Task item
From the first line of the listing below to the line with "Hliníkový plotový adaptér", print each line exactly, and nothing more. Leave out the pictures.

Provided records
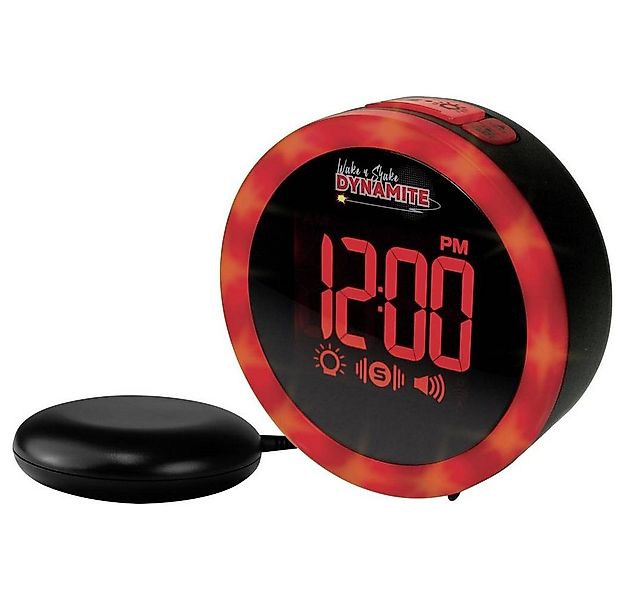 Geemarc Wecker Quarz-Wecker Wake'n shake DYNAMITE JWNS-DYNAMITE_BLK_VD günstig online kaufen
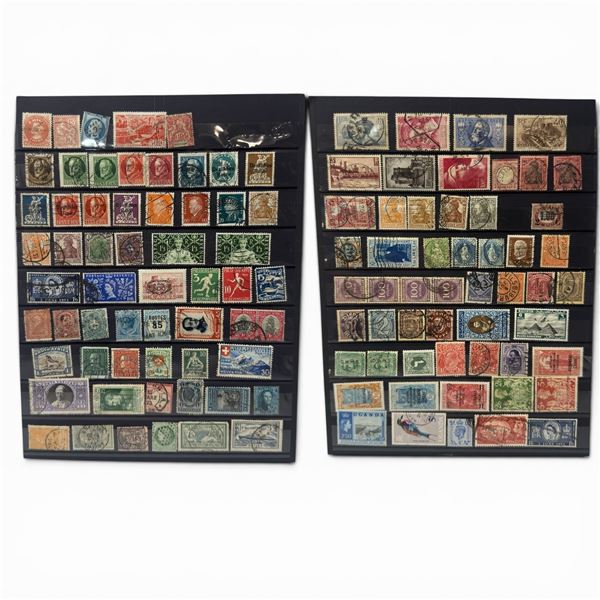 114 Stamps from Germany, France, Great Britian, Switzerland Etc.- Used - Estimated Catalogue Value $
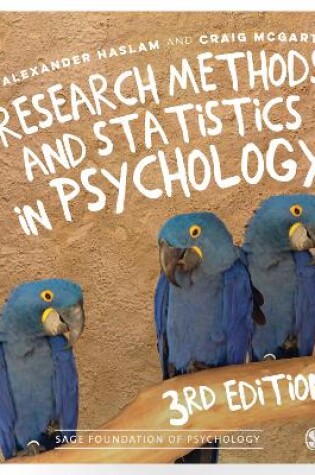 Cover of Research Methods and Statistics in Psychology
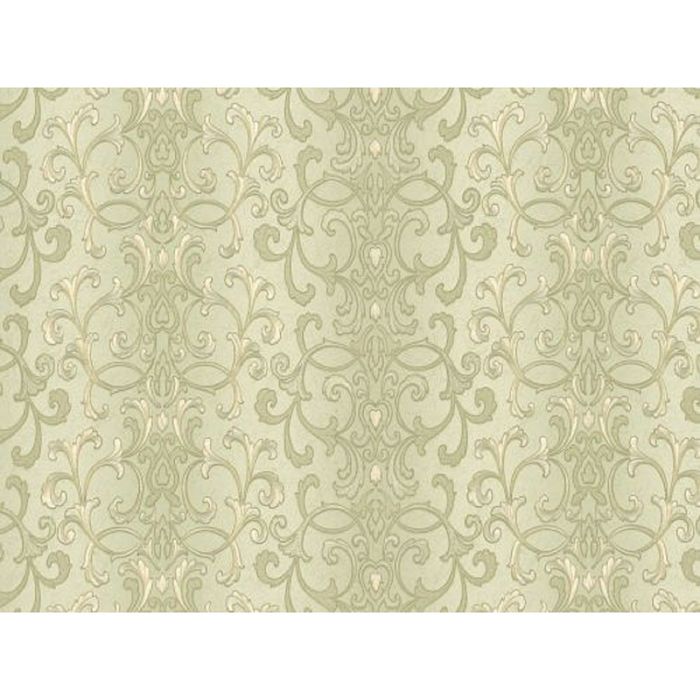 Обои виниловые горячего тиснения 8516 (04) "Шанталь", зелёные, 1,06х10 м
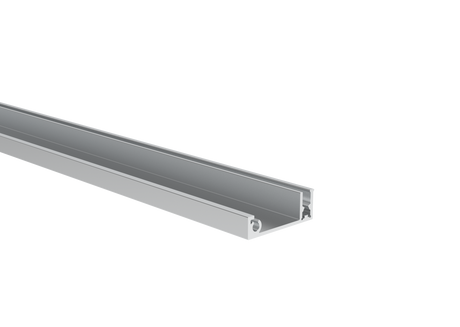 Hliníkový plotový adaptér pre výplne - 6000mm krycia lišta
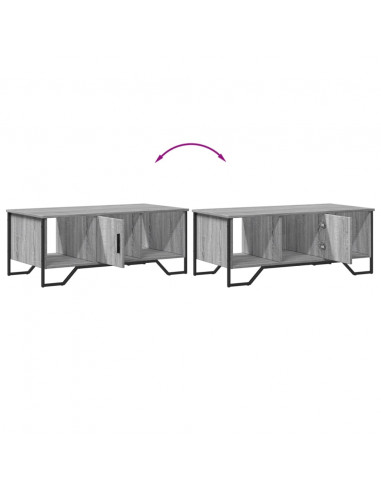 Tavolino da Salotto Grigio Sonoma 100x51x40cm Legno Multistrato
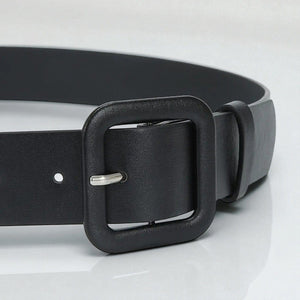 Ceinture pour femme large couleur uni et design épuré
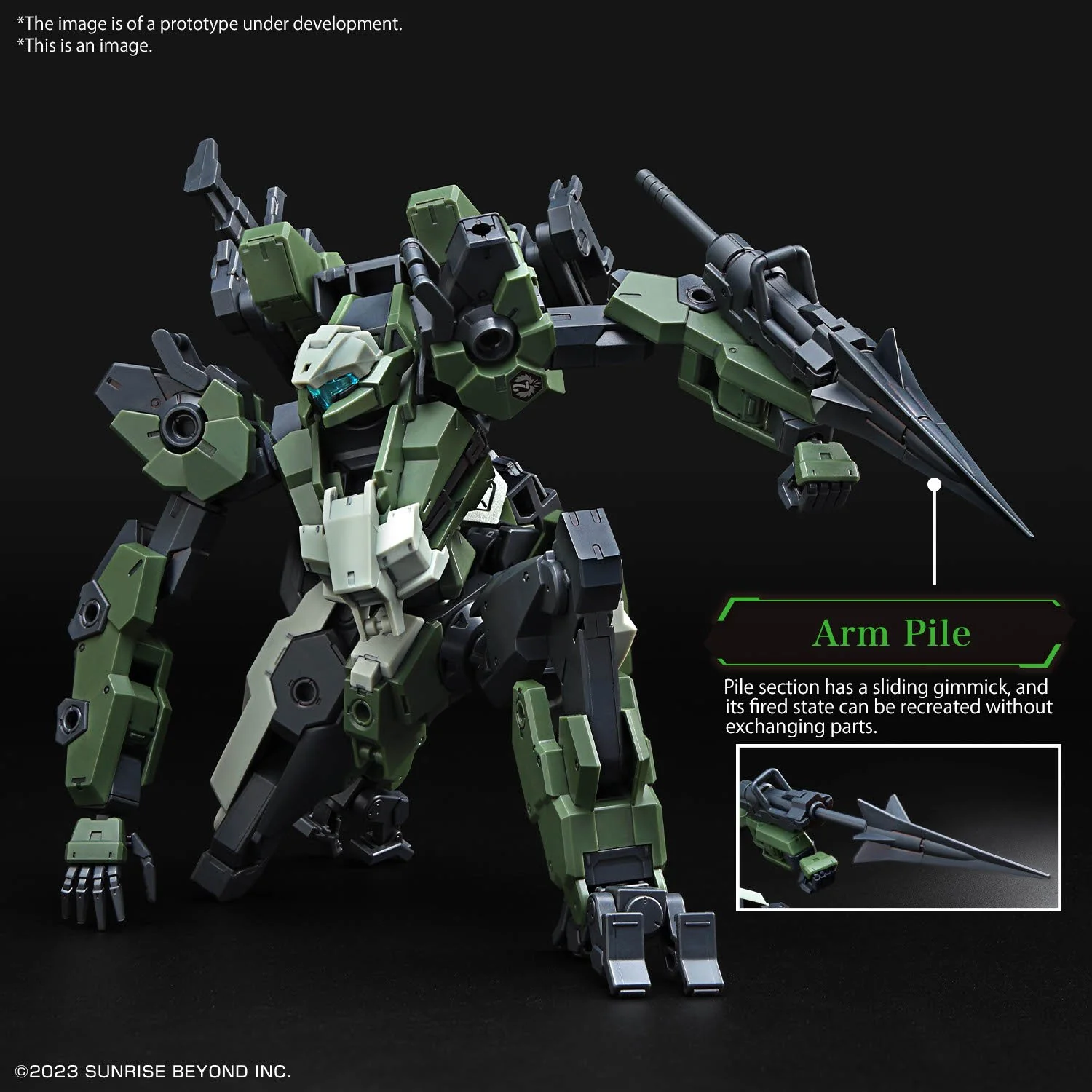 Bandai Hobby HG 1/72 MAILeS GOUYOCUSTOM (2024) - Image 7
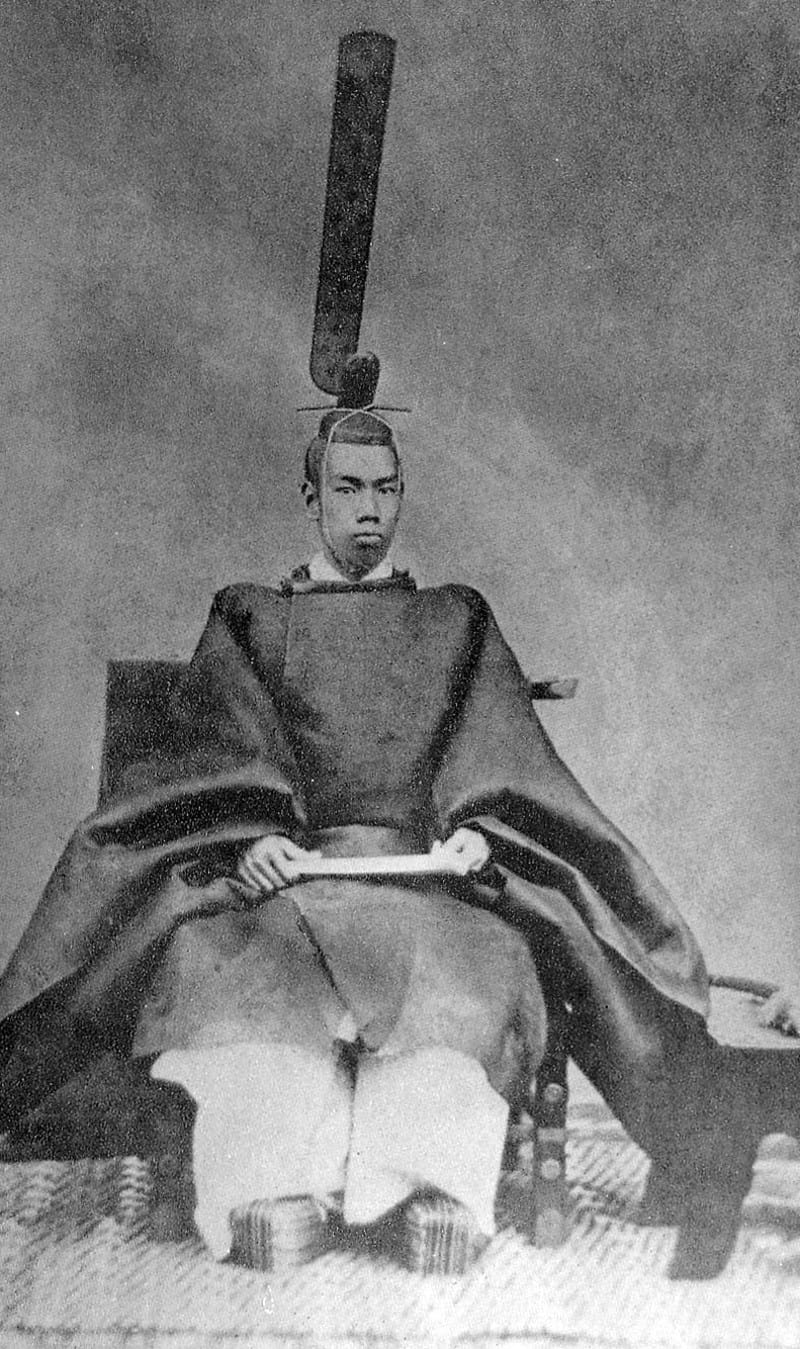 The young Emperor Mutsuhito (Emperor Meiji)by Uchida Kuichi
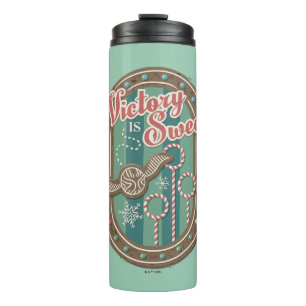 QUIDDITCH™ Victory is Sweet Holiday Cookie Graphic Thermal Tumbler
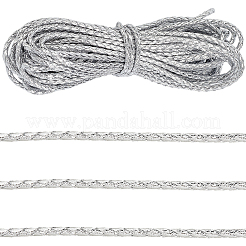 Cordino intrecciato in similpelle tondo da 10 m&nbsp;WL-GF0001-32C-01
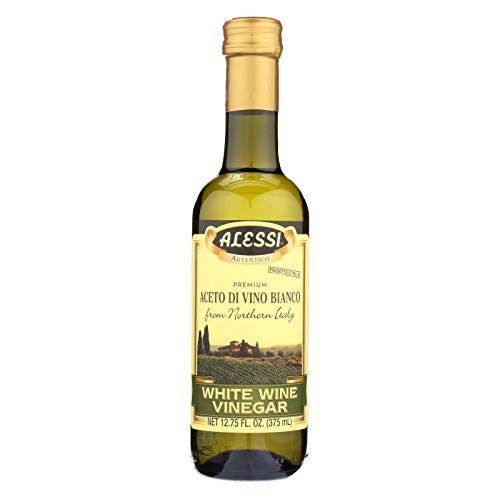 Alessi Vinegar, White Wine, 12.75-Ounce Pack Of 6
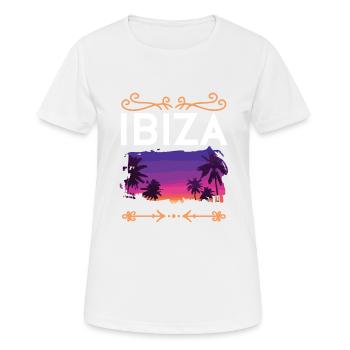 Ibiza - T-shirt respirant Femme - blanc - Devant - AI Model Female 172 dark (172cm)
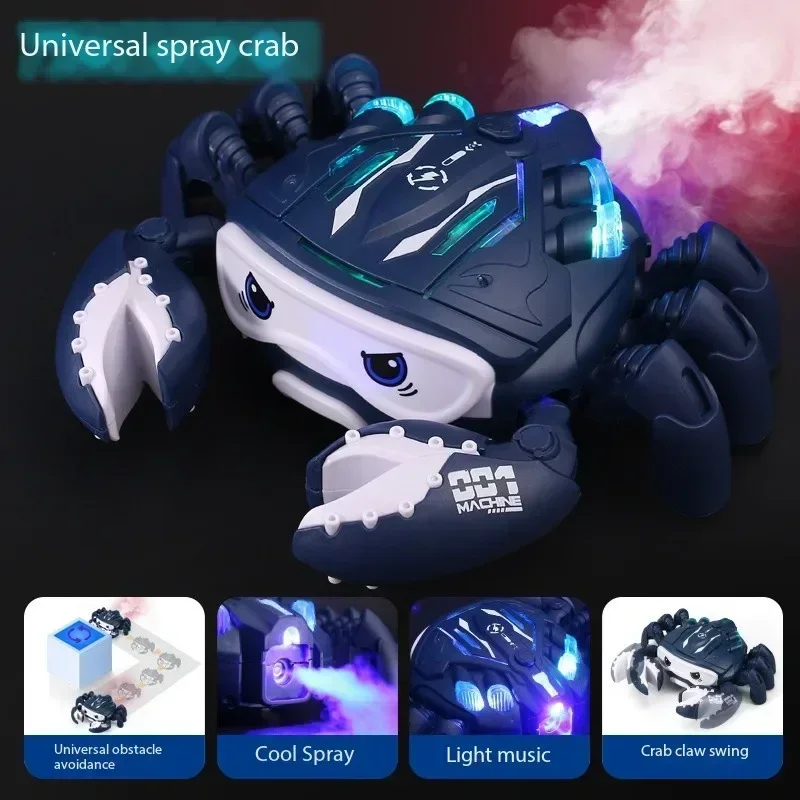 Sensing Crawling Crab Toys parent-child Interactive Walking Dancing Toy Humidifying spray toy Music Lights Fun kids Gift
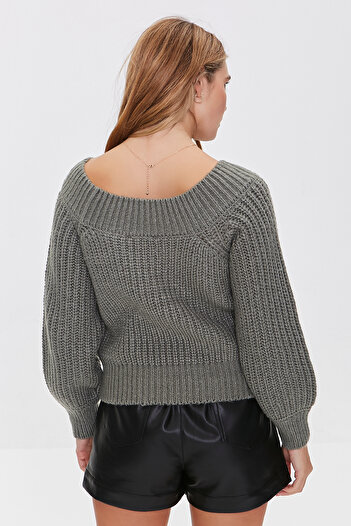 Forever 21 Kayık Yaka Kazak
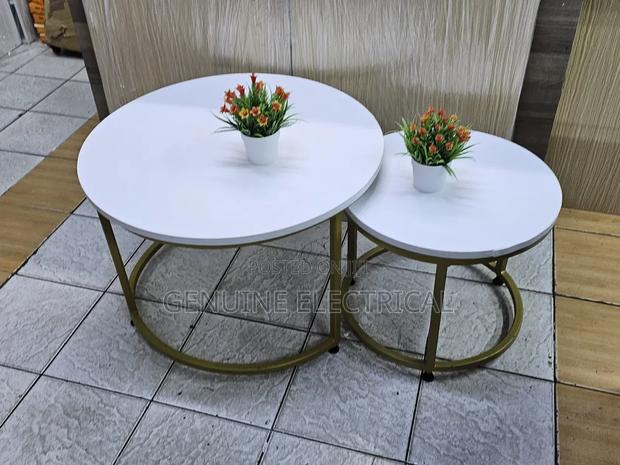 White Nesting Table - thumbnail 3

Solution
 Geemarc Wecker Quarz-Wecker Wake'n shake DYNAMITE JWNS-DYNAMITE_BLK_VD günstig online kaufen
 114 Stamps from Germany, France, Great Britian, Switzerland Etc.- Used - Estimated Catalogue Value $
 Cover of Research Methods and Statistics in Psychology
 Обои виниловые горячего тиснения 8516 (04) "Шанталь", зелёные, 1,06х10 м
 Hliníkový plotový adaptér pre výplne - 6000mm krycia lišta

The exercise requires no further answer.